Reproduce the listing below from the line with "Cord for Gazebos" to the line with "Meters Digitale LCD-display", both lines included, character for character, minus any pictures.

§ **Entries supplied**
_ _ _ _ _ _ _
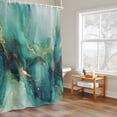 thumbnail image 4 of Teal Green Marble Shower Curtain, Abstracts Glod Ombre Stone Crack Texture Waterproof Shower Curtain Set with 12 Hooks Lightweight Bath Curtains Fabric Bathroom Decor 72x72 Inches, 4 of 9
_ _ _ _ _ _ _
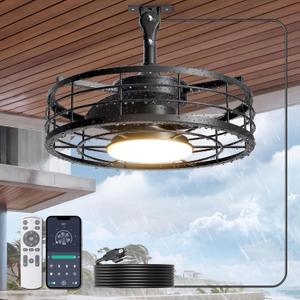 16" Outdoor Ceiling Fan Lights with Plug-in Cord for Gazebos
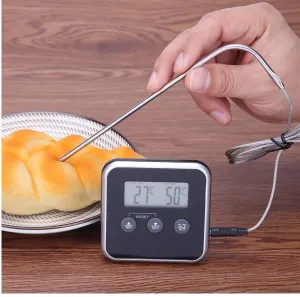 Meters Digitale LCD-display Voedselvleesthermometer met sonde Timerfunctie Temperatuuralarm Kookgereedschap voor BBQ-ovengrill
_ _ _ _ _ _ _
§ **Completed task**
 16" Outdoor Ceiling Fan Lights with Plug-in Cord for Gazebos
 Meters Digitale LCD-display Voedselvleesthermometer met sonde Timerfunctie Temperatuuralarm Kookgereedschap voor BBQ-ovengrill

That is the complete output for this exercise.